Hoe borgt u dat de belangen van kinderen in crisistijd niet van tafel vallen?
Is er in de communicatie vanuit de overheid over oorlog en mogelijke rampen specifieke aandacht voor kinderen (van 0 tot 18), aangezien veel kinderen aangeven dat hun zorgen een direct gevolg zijn van wat ze zien op televisie en op sociale media?
Is bij communicatie vanuit de overheid over crisisparaatheid aandacht voor het feit dat kinderen dit ook zien en dat dit tot zorgen kan leiden? Welke acties neemt u om te zorgen dat kinderen hierover in gesprek kunnen gaan?

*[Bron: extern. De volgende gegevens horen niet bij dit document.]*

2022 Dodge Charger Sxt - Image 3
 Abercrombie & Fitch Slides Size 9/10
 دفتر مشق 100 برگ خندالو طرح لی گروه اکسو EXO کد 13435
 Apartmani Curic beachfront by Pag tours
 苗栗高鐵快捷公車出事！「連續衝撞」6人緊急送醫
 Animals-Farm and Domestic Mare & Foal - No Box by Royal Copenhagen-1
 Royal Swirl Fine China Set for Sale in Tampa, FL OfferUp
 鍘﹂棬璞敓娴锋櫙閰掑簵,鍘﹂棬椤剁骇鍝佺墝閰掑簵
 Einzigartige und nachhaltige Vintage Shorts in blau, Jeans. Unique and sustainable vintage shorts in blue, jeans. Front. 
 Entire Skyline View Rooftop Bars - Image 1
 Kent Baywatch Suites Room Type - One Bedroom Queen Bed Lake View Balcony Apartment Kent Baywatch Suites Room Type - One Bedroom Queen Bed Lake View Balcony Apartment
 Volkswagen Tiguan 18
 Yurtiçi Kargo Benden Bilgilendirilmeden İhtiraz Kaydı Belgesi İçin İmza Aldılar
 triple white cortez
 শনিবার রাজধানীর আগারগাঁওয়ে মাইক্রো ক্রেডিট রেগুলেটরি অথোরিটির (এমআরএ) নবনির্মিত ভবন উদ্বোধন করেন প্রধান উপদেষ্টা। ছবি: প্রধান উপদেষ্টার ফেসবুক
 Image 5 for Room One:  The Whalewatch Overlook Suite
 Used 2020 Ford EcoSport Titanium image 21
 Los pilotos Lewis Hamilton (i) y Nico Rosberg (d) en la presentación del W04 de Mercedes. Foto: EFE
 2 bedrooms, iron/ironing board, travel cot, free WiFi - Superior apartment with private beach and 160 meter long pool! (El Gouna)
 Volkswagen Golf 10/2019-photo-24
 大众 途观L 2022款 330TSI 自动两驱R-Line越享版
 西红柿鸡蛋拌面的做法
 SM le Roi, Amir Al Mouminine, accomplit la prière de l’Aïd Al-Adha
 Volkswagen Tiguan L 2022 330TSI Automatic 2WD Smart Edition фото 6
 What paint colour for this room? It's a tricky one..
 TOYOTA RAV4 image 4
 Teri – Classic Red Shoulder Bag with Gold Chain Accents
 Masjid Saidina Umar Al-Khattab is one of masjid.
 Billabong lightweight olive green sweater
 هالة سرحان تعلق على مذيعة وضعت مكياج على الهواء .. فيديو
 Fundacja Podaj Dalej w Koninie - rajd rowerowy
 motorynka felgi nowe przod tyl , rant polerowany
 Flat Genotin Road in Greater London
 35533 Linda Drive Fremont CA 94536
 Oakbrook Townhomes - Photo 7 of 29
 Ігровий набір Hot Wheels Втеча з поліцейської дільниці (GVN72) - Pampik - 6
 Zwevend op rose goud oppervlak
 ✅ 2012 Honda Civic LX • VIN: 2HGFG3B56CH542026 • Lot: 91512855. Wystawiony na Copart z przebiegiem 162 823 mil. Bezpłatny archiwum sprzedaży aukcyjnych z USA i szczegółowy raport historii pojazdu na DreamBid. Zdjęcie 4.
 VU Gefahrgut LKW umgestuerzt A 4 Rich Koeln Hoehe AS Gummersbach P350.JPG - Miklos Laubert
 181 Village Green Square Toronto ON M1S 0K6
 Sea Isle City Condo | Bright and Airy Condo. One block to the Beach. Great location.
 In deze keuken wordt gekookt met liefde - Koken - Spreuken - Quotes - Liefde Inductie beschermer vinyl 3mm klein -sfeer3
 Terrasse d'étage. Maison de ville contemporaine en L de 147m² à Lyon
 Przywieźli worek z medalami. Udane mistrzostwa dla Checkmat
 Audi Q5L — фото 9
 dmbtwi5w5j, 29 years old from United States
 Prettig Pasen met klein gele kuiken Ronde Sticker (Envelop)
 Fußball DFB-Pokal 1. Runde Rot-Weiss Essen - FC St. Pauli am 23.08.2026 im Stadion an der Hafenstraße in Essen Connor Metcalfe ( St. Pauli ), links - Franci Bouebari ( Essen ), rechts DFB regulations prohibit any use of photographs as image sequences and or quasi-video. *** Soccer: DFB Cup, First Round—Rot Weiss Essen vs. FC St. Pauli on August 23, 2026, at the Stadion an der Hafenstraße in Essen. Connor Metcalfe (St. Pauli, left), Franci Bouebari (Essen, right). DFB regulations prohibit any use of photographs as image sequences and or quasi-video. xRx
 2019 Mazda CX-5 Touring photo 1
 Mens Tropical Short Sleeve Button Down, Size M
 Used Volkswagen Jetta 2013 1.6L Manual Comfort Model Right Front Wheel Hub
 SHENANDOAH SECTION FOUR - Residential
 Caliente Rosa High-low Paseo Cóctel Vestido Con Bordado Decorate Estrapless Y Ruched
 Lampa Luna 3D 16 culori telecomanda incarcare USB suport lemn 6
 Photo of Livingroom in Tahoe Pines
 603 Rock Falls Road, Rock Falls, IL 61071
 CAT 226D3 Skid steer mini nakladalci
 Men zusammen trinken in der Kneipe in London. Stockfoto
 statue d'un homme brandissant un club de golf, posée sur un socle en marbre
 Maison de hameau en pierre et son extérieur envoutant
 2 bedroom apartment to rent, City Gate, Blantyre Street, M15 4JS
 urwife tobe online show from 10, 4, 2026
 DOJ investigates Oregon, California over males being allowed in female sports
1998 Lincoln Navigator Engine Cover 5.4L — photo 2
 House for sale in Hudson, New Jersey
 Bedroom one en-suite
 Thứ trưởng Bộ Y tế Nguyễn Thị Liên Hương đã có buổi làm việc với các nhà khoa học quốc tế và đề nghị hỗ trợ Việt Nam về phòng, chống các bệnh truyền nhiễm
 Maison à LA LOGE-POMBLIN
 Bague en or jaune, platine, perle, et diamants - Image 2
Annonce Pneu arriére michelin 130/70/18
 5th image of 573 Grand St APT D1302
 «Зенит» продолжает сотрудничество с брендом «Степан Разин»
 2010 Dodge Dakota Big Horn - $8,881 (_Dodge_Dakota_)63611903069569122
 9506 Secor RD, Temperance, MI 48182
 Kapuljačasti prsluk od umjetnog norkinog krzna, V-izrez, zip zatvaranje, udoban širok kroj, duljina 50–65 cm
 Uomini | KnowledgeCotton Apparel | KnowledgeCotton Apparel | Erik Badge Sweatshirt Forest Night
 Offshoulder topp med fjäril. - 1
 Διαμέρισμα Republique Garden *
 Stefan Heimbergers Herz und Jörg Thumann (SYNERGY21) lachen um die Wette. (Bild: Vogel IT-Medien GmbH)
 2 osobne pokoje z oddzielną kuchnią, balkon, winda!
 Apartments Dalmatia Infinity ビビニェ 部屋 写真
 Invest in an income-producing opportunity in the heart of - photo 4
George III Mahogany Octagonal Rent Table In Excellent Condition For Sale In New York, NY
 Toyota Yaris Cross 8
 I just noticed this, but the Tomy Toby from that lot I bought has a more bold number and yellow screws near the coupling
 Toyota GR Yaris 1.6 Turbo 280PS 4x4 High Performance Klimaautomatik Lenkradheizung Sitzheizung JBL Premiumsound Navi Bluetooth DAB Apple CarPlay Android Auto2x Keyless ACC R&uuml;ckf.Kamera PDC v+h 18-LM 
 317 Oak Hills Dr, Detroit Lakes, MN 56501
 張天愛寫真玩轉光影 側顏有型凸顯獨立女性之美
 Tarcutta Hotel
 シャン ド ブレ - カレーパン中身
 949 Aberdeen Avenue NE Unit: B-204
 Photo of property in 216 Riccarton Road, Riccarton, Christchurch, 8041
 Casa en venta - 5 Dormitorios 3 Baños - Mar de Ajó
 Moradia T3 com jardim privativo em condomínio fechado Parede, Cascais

Bent u voornemens om binnen de middelen die gereserveerd zijn voor het vergroten van de maatschappelijke weerbaarheid een deel specifiek te bestemmen voor het vergroten van de weerbaarheid van kinderen? Zo ja, welke plannen heeft u hiervoor? Zo nee, waarom niet?
Op welke manier bent u van plan er voor te zorgen dat meer kinderen en jongeren er vertrouwen in krijgen dat de overheid weet wat zij nodig hebben om zich veilig te voelen, aangezien uit de peiling van UNICEF blijkt dat nu slechts een kwart van hen denkt dat de overheid weet wat hiervoor nodig is?